Exercise data:

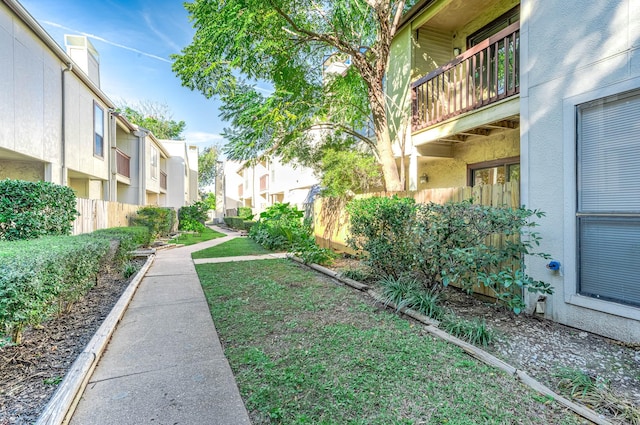 surrounding community with fence and a residential view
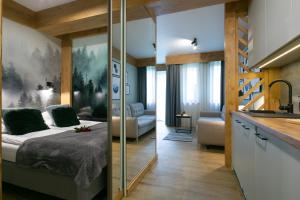 Posteľ alebo postele v izbe v ubytovaní Apartament Forest Centrum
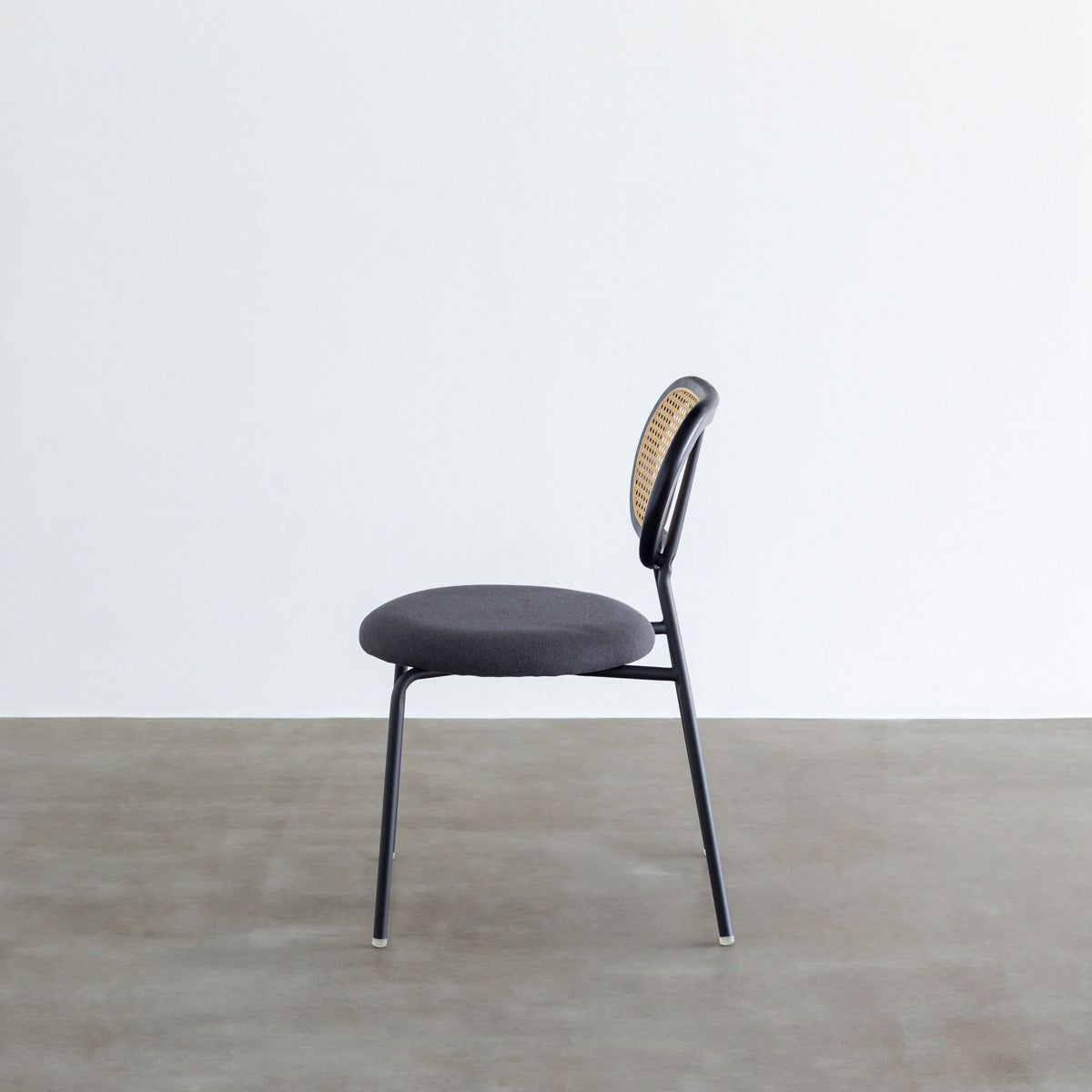 KANADEMONOのラタン調の楕円形の背もたれ、ダークグレーのファブリック座面、ブラックスチール脚が特徴のモダンなダイニングチェア（側面）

Problem description:
Take the whole listing above and copy it exactly. Pictures do not go into the copy.

Answer to this task:
 surrounding community with fence and a residential view
 Posteľ alebo postele v izbe v ubytovaní Apartament Forest Centrum
 KANADEMONOのラタン調の楕円形の背もたれ、ダークグレーのファブリック座面、ブラックスチール脚が特徴のモダンなダイニングチェア（側面）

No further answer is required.